[Material for this task Boundary: Start]

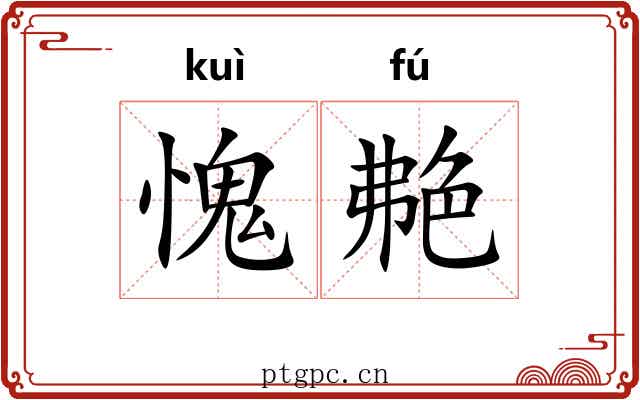 愧艴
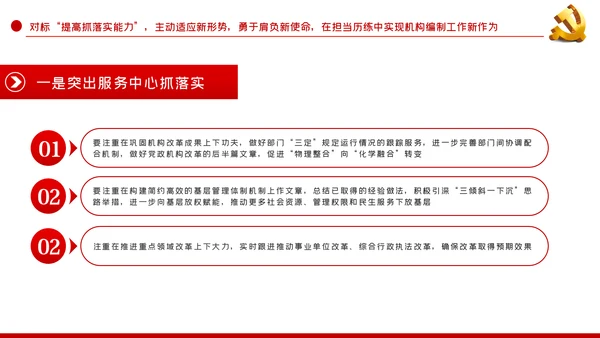 中青年干部培训班重要讲话七种能力PPT
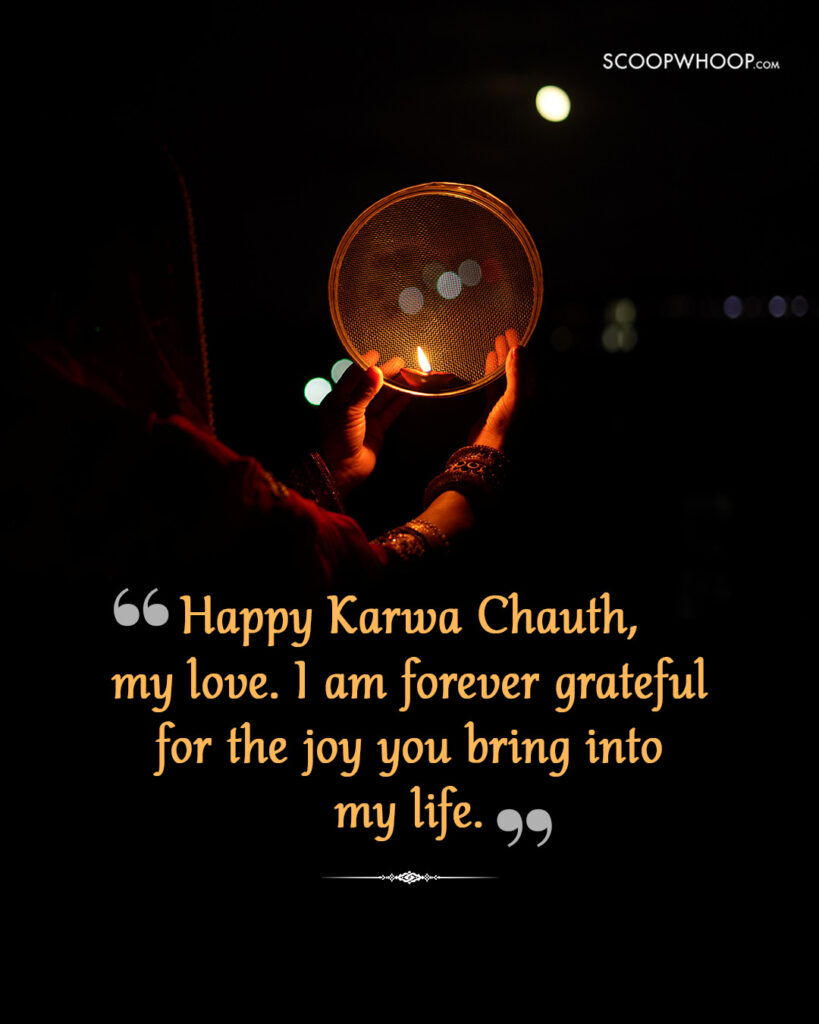 Happy Karwa Chauth My Wife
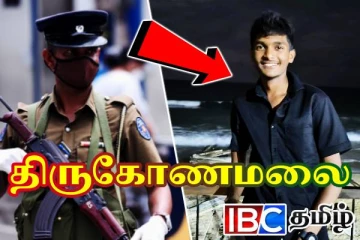 திருகோணமலையில் பதற்றம் - மூவர் மாயம்: தீவிரப்படுத்தப்பட்டுள்ள விசாரணை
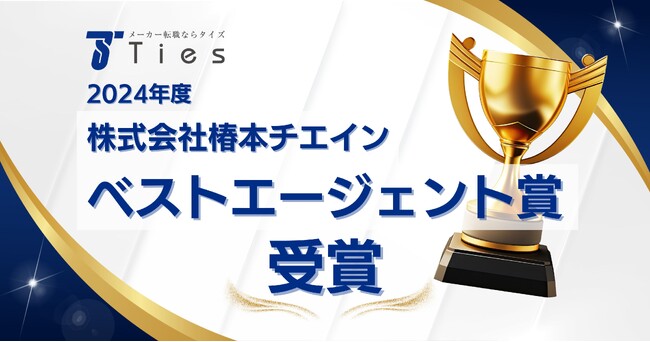 メーカー専門の転職エージェント 株式会社タイズが、株式会社椿本チエインの2024年度ベストエージェント賞を二年連続受賞！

[Material for this task Boundary: End]

Exercise prompt. Pictures are to be omitted from the copy. Reproduce exactly, and only, the lines from the one containing "中青年干部培训班重要讲话七种能力PPT" to the end of the listing above.

Reply to the task.
 中青年干部培训班重要讲话七种能力PPT
 Happy Karwa Chauth My Wife
 திருகோணமலையில் பதற்றம் - மூவர் மாயம்: தீவிரப்படுத்தப்பட்டுள்ள விசாரணை
 メーカー専門の転職エージェント 株式会社タイズが、株式会社椿本チエインの2024年度ベストエージェント賞を二年連続受賞！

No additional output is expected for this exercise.